Older boys have their own version of agonism, using fighting as a format for doing things that have nothing to do with actual combat: They show affection by mock-punching, getting a friend’s head in an armlock or playfully trading insults.

Here’s an example that one of my students observed: Two boys and a girl are building structures with blocks. When they’re done, the boys start throwing blocks at each other’s structures to destroy them.

The girl protects hers with her body. The boys say they don’t really want their own creations destroyed, but the risk is worth it because it’s fun to destroy the other’s structures. The girl sees nothing entertaining about destroying others’ work.

Arguing ideas as a way to explore them is an adult version of these agonistic rituals. Because they’re used to this agonistic way of exploring ideas -- playing devil’s advocate -- many men find that their adrenaline gets going when someone challenges them, and it sharpens their minds: They think more clearly and get better ideas. But those who are not used to this mode of exploring ideas, including many women, react differently: They back off, feeling attacked, and they don’t do their best thinking under those circumstances.

This is one reason many women who are talented and passionate lovers of science drop out of the profession. It’s not that they’re not fascinated by the science, don’t have the talent to come up with new ideas or are not willing to put long hours into the lab, but that they’re put off by the competitive, cutthroat culture of science.

The assumption that fighting is the only way to explore ideas is deeply rooted in Western civilization. It can be found in the militaristic roots of the Christian church and in our educational system, tracing back to all-male medieval universities where students learned by oral disputation.

Ong contrasts this with Chinese science and philosophy, which eschewed disputation and aimed to “enlighten an inquirer,” not to “overwhelm an opponent.” As Chinese anthropologist Linda Young showed, Chinese philosophy sees the universe in a precarious balance that must be maintained, leading to methods of investigation that focus more on integrating ideas and exploring relations among them rather than on opposing ideas and fighting over them.

Cultural training plays a big role too. Mediterranean, German, French and Israeli cultures encourage dynamic verbal opposition for women as well as men. Japanese culture discourages it for men as well as women. Perhaps that’s why Japanese talk shows rarely include two guests (they’ll have one or three or more), to avoid the polarized debates that our talk shows favor.

This brings us to our political discourse and the assumption that it must be agonistic in method and spirit. If we accept this false premise, then it is not surprising that fewer women than men will be found who are comfortable writing political columns. But looking for women who can write the same kind of columns that men write is a waste -- exactly the opposite of what should be the benefits of diversity: introducing new and different ways of doing things.

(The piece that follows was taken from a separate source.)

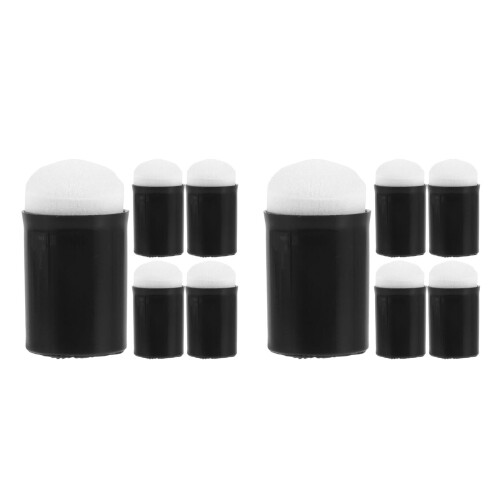 Pastel Sponge Applicator Daubers 2 Pieces 2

In a book about female lawyers, Mona Harrington interviewed successful female attorneys who said they were more successful when they were not being as aggressive and confrontational as possible but instead listened, observed and better “read” opponents. In taking depositions, they got better results by adopting a “quiet, sympathetic approach” (instead of grilling and attacking) so that witnesses tended to forget that the attorney deposing them was their adversary. But, Harrington noted, they couldn’t tell this to potential clients, who assumed aggression was the only way. Instead, they had to emphasize that they were seasoned veterans of large aggressive firms who could slug it out with the best of them.

Of course a political columnist must be ready to expose wrongdoing, look critically at events and public figures and be ready to offend if necessary. But attack-dog journalism is not the only way to do this, and it probably is not the best way either.

As Larry Sabato, director of the University of Virginia Center for Politics, has put it, we tend to think that if you’re not an attack dog, you’re a lap dog, taking everything politicians say at face value.

But the true role of journalism should be a third way: a watchdog. And a dog who is busy attacking is not watching.